Several of the slots above, like close_mappings and slot_uri, aren't exclusive to OWL but define the parts of this data model in terms of existing vocabularies, so the schema and any extracted results will be more compatible with other models and methods. Here, close_mappings is used to show that the Recipe class is close but not necessarily identical to FOODON:00004081, or "food recipe".

The owl slot under annotations for these attributes defines one or more corresponding OWL axiom types. Because the label attribute may be AnnotationProperty, AnnotationAssertion in OWL (see the OWL2 syntax on Annotations) we know it can be applied as a property for something else, like an axiom or a specific entity with an IRI. This is how the rdfs:label annotation property usually works so this isn't surprising.

The owl.template slot defines template logic relating a Recipe to its component objects: steps and ingredients. It begins with an EquivalentClasses axiom to define the identifier of the recipe, which we assume to be a URL, as identical to the class expression in subsequent lines.
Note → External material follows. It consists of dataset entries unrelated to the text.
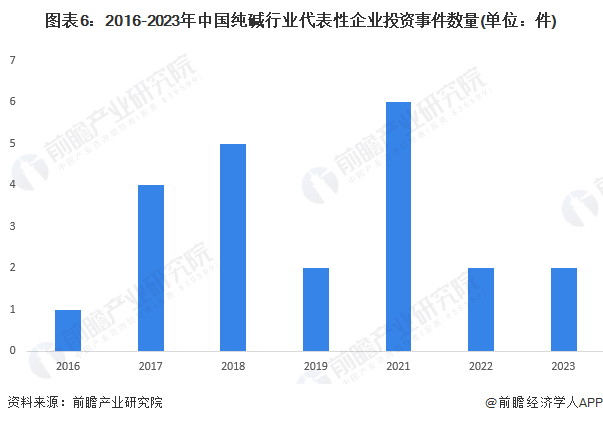 图表6：2016-2023年中国纯碱行业代表性企业投资事件数量(单位：件)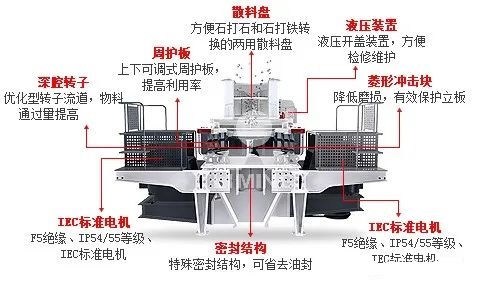 <b>沖擊破制砂機具體什么結構？</b>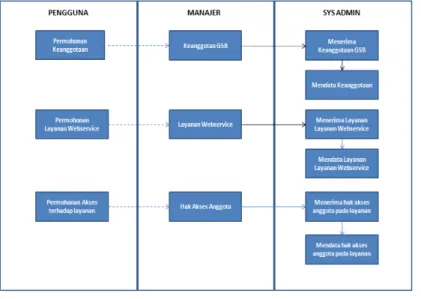 Gambar 5-5. Diagram Alur Pengelolaan Hak Akses. 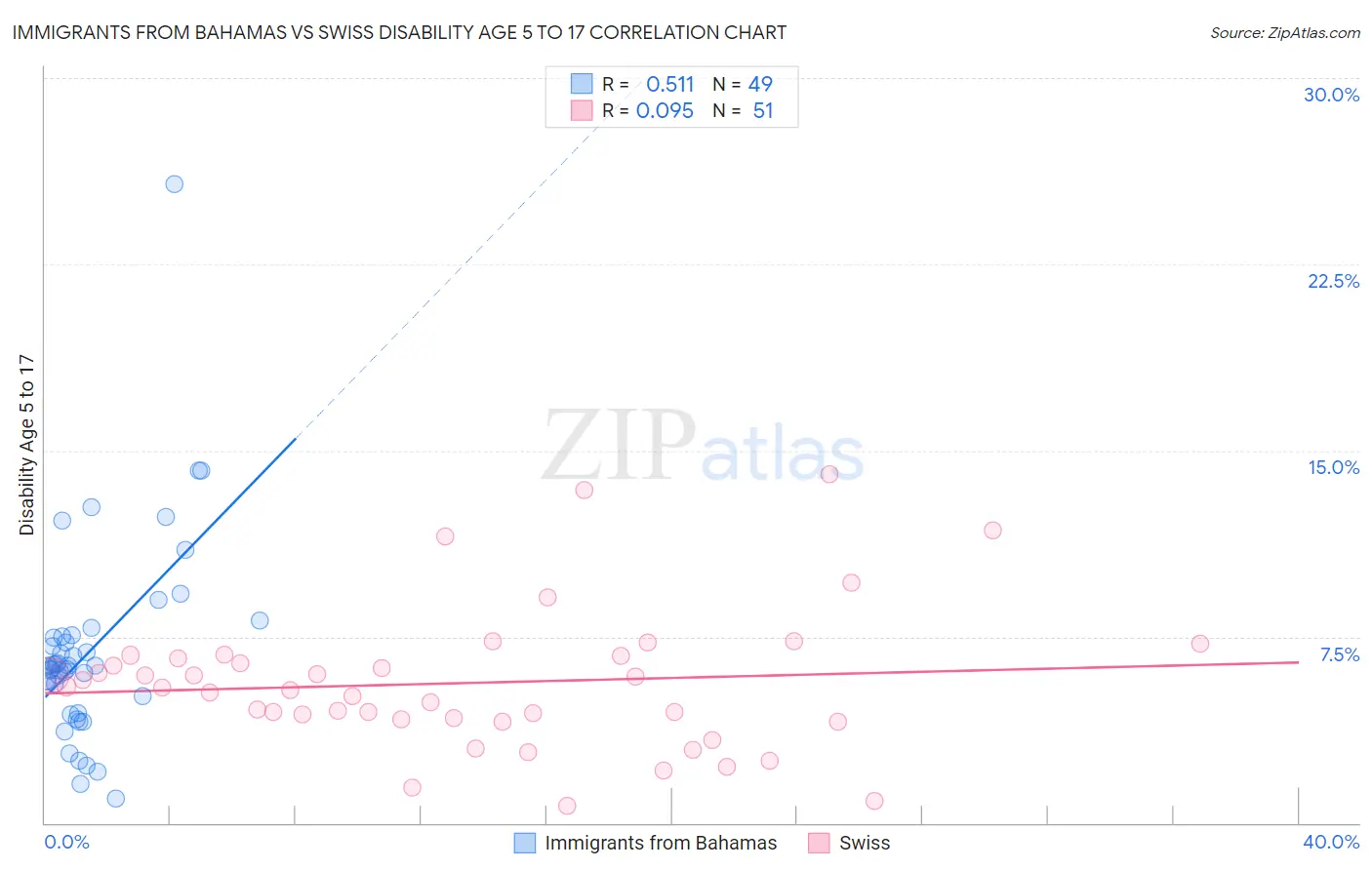 Immigrants from Bahamas vs Swiss Disability Age 5 to 17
Specifically, that Recipe must include both a series of steps (e.g., "fry", "chop", etc.) and a series of ingredients. The ingredients relate to the recipe through the property FOODON:00002420, or "has ingredient".

Note that everything in {curly brackets} is a template of some kind. The Jinja template system is used in the example in lines like {% for step in steps %} where a loop is used. Template slots like {{url}} may be accessed directly with their names. So what makes {{tr(step)}} different from {{step}}? The tr() function used here translates its input into an OWL entity so it may be used to generate valid OWL axioms.

See also: the documentation page on OWL exports and the linkml-owl documentation.

Using a custom schema

You may then use the schema like any other. Pass the path to your schema to the --template/-t option.

For example, if your schema is named albatross.yaml, then an extract command is:

ontogpt extract -t albatross.yaml -i input.txt

Running this (or any other command including your custom schema) will install it for future use with OntoGPT, so in subsquent commands it can be referred to by its name (e.g., albatross, without the file extension or a full filepath).